2. One-to-One Joins
A one-to-one join allows data from two different
sequences related to each other by a common key value to be accessible
in the select projection of a query. One-to-one joins are very
commonplace in relational database systems, where the central theme is
separating data into multiple tables related by parent and child key
relationships. This process is called normalization.
Although LINQ to Objects supports most of the common join types
available in a relational database, it is not always the most efficient
way to work with large volumes of data.
Note
A relational database will out-perform LINQ to
Objects in cases where data volume is large. The join features across
object collections should be used for local fine-tuning of data
retrieved from a database, not in place of that database engine.
There are a number of ways to achieve one-to-one joins using LINQ, which include
Using the join (or Join) operator
Using a subquery in the select projection
Using the SingleOrDefault operator in the select projection
Using a cross join with a where filter
Each technique for one-to-one joining is covered in
detail in this section, including the relative performance of each .
Table 1. One-to-One Join Techniques and Their Performance Comparisons
Technique | Many Record Performance | Single Record Performance | Comments |
---|
Using the join (or Join) operator | Best | Worst | Use the join
syntax whenever you are working with five or more outer element
records. Builds a lookup on the inner keys first, avoiding repetitive
looping in subsequent outer iterations.
|
Using a subquery in the select projection | Good | Good | Use the SingleOrDefault syntax rather than a subquery. There is no benefit to using a subquery.
|
Using the SingleOrDefault operator in the select projection | Good | Best | Use SingleOrDefault syntax whenever you are working with a single (or minimal number of) outer records.
|
Using a cross join with a where filter | Worst | Good | Only
use when a cross join is actually needed. Never use when there are many
records—will result in very poor performance. |
To add clarity it is necessary to depart from our
running example data and use a very simple set of sample data to allow
you to focus on the mechanics of the join syntax. The key field in this case is a string type, but
any type can be used (integer values for instance if you retrieved data
from primary keys in a database table).
Table 2. Sample Data Used for Demonstrating Joining Multiple Data Sources
Customers | Orders |
---|
Key | Name | Key | Order Number |
---|
GOT1 | Gottshall | GOT1 | Order 1 |
VAL1 | Valdes | GOT1 | Order 2 |
GAU1 | Gauwain | DEA1 | Order 3 |
DEA1 | Deane | DEA1 | Order 4 |
ZEE1 | Zeeman | ZEE1 | Order 5 |
2.1 The join (or Join) Operator
The simplest join of this type is built using the join operator in the query expression syntax, or the Join operator in extension method syntax. The query expression syntax for a join takes the following general form:
from [outer sequence
join [inner sequence] on
[outer key selector] equals [inner key selector]
select [result selector]
To understand the behavior of this operator, the following code shows a basic example of linking two arrays of strings:
string[] outer = new string[] { "a", "b", "c", "d" };
string[] inner = new string[] { "b", "c", "d", "e" };
var q = from s1 in outer
join s2 in inner on s1 equals s2
select string.Format(
"Outer: {0} Inner: {1}", s1, s2);
foreach (string s in q)
Console.WriteLine(s);
The output of this code is
Outer: b Inner: b
Outer: c Inner: c
Outer: d Inner: d
Notice that any outer element with a matching inner
element is included in the result sequence, and the select projection
has access to both strings in this case (s1 and s2).

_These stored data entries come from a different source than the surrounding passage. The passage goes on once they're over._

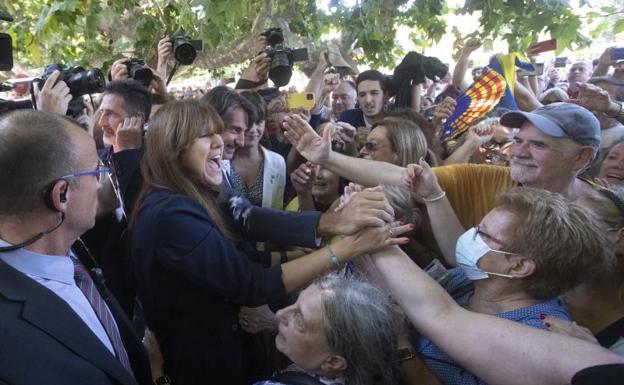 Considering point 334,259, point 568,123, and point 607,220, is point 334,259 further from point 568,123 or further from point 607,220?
point 568,123

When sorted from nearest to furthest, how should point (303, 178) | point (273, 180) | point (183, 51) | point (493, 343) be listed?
Answer: 1. point (493, 343)
2. point (303, 178)
3. point (273, 180)
4. point (183, 51)

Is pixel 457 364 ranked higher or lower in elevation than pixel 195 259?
lower

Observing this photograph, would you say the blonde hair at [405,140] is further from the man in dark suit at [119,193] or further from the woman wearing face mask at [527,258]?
the man in dark suit at [119,193]

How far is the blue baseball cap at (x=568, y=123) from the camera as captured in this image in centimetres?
235

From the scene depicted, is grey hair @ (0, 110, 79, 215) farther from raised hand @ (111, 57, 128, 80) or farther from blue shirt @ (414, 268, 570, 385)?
raised hand @ (111, 57, 128, 80)

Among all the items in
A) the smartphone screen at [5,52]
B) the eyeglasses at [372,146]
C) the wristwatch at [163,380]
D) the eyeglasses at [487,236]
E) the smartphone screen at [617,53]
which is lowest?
the wristwatch at [163,380]

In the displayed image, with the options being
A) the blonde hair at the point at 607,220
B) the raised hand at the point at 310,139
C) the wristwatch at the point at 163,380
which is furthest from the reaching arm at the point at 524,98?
the wristwatch at the point at 163,380

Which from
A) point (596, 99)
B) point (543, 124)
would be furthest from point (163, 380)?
point (596, 99)

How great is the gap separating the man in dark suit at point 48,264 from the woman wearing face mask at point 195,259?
283 millimetres

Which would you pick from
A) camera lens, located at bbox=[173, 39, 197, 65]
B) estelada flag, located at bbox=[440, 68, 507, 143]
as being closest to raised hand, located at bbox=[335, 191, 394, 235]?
estelada flag, located at bbox=[440, 68, 507, 143]

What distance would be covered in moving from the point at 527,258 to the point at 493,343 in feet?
1.28

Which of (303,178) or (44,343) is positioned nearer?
(44,343)

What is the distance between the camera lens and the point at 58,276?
4.48ft

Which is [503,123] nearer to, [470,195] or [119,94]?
[470,195] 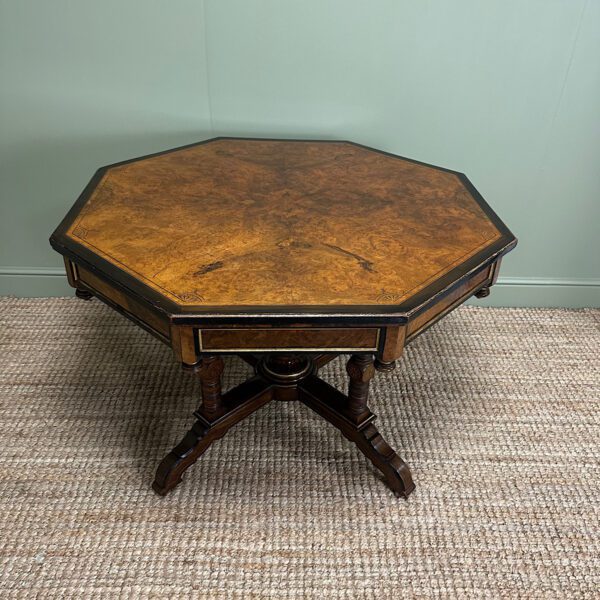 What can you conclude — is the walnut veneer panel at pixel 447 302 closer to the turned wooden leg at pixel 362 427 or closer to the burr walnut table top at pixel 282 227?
the burr walnut table top at pixel 282 227

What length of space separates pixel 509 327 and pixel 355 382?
0.83 m

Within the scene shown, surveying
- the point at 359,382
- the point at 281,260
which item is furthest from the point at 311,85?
the point at 359,382

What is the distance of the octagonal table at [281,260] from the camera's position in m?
1.03

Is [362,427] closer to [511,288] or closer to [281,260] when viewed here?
[281,260]

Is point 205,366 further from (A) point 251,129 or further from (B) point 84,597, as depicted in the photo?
(A) point 251,129

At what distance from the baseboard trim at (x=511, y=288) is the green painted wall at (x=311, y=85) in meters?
0.20

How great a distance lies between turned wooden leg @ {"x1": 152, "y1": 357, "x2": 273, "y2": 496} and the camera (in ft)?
4.33

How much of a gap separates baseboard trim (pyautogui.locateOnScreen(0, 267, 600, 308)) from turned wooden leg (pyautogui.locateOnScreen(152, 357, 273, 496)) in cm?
88

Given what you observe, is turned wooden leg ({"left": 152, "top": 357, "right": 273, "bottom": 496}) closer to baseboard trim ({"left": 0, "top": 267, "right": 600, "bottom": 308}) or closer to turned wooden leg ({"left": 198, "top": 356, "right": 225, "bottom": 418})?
turned wooden leg ({"left": 198, "top": 356, "right": 225, "bottom": 418})

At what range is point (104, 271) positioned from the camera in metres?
1.08

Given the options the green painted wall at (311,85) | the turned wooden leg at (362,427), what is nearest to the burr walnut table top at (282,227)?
the green painted wall at (311,85)

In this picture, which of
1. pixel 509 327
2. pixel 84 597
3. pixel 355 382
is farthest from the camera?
pixel 509 327

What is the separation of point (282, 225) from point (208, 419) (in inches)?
18.9

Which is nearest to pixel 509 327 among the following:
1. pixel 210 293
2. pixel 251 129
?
pixel 251 129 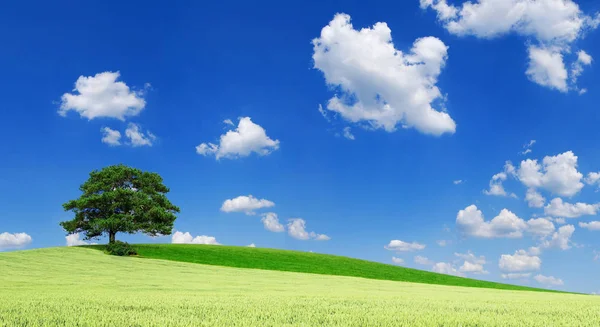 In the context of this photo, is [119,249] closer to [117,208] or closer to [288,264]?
[117,208]

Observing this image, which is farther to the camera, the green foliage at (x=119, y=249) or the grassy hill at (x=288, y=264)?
the grassy hill at (x=288, y=264)

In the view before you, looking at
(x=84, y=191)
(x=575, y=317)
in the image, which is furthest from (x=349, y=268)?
(x=575, y=317)

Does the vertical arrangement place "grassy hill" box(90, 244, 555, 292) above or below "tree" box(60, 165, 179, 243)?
below

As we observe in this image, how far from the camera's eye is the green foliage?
163 feet

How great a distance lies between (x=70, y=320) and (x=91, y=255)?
4438cm

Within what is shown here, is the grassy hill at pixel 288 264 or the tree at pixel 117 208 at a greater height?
the tree at pixel 117 208

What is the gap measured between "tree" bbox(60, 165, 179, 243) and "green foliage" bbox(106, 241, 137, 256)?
1716 millimetres

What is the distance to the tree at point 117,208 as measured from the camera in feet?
172

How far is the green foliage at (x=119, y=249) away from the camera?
49.7 meters

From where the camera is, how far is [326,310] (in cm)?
768

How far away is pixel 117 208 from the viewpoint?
5428 centimetres

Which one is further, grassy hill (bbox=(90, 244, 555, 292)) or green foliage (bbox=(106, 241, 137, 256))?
grassy hill (bbox=(90, 244, 555, 292))

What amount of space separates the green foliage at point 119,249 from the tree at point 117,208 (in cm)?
172

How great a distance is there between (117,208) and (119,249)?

Also notice that any elements where the key values didn’t match are
skipped. This is called an inner join by relational database
dictionaries, and you can simply think of it in these terms: Any record
without a matching key value (a null key value for instance) is skipped.
To demonstrate how to use the join syntax over the data shown in Table 2, Listing 2 shows how to achieve an inner join from an order(s) to access all the customer data (in this case to retrieve the LastName property in the Select projection). The output from this code is shown in Output 2.
Listing 2. Simple join example between two collections—see Output 2. Notice there are no entries for Valdes or Gauwain.
var customers = Customer.SampleData(); var orders = Order.SampleData();
var q1 = from o in orders join c in customers on o.CustomerID equals c.CustomerID select new { o.OrderNumber, c.LastName };
foreach (var order in q1) Console.WriteLine( "Customer: {0} Order Number: {1}", order.LastName.PadRight(9, ' '), order.OrderNumber);
|
Output 2.
Customer: Gottshall Order Number: Order 1
Customer: Gottshall Order Number: Order 2
Customer: Deane Order Number: Order 3
Customer: Deane Order Number: Order 4
Customer: Zeeman Order Number: Order 5